Um dos maiores amigos que David Cunha teve foi o humorista cearense Lailtinho Brega. Junto com o ator, Espanta rodou os palcos do Brasil apresentando sua piadas no espetáculo “Só o Riso”, desenvolvido pela dupla. Os dois se conheceram na época em que Cunha veio a Fortaleza para abrir os shows do cantor e humorista Falcão. Depois de um tempo trabalhando com Hélio, empresário de Falcão, Cunha saiu da sombra do artista e começou a contar suas piadas em eventos maiores. Com uma bagagem mais completa e obtendo respeito do público cearense, David Cunha começou a se entrosar com atores locais.

Segundo Lailtinho Brega, o humorista era um ser humano com a alma mais bela que ele conheceu. Espanta cativou o personagem cearense e o seu público por conta do seu bom humor, criatividade e irreverência. Vivendo o seu dia a dia da mesma forma como se apresentava nos palcos, sempre tendo uma resposta para tudo. Por ser um dos melhores amigos do natalense, Lailtinho sente muita falta da convivência e dos shows realizados pelo humorista. Para ele, Espanta deixou o cearense órfão das piadas.
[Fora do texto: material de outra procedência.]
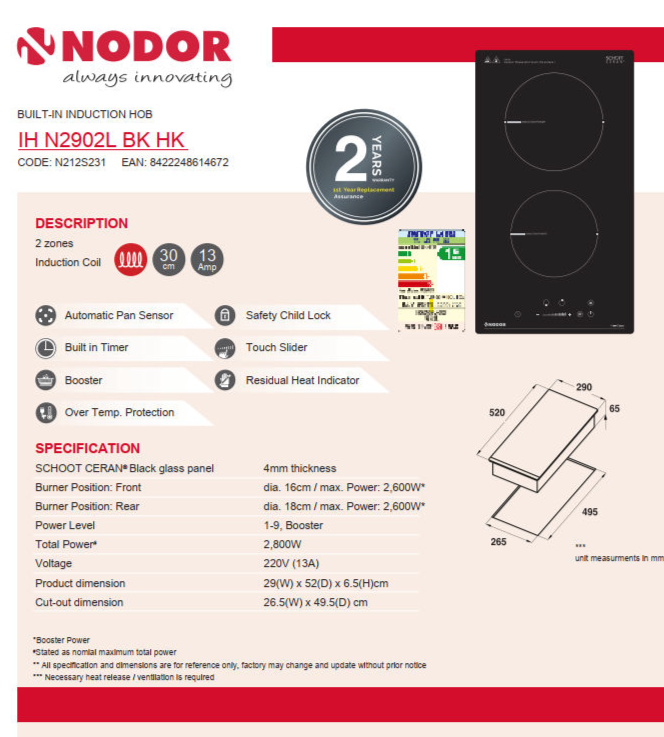 NODOR N2902L-BKHK 300mm induction hob 300mm組合式電磁爐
Isso porque, na visão do artista, atualmente o humor do Ceará é visto como produto turístico, ou seja, quase não existe fortalezenses como plateia nas apresentações.

Lailtinho Brega é humorista e produtor cultural. Foi um dos melhores amigos de David Cunha e se apresentou com o ator pelo Brasil Foto: Thiago Gadelha

Dividindo a carreira de humorista com a de produtor cultural e empresário, Lailtinho ficava abismado com a quantidade de shows que o seu amigo realizava, tendo que fazer cinco ou seis apresentações por dia. Foi o teatro popular que fez Espanta ser o que foi e ser lembrado até hoje.

“Em um mês, ele realizou 45 shows na cidade de Fortaleza. Tinha vezes que ele só não fazia mais eventos em um dia porque não podia”Lailtinho Brega

Lailtinho estava em casa quando um garçom o telefonou. Assim que ele atendeu, o profissional falou que o Espanta tinha sofrido um acidente grave e que talvez não tivesse resistido. De cara, o ator cearense disse que a informação era falsa e desligou. Com a notícia remoendo em seu pensamento, decidiu ligar para o celular do amigo. Após o celular tocar por algumas vezes, quem atendeu foi Kelson de Araújo, filho de David Cunha. O jovem falou que o veículo tinha capotado, que saiu ileso, mas o seu pai ainda estava nas ferragens e da forma como as pessoas o olhavam, o pior tinha acontecido.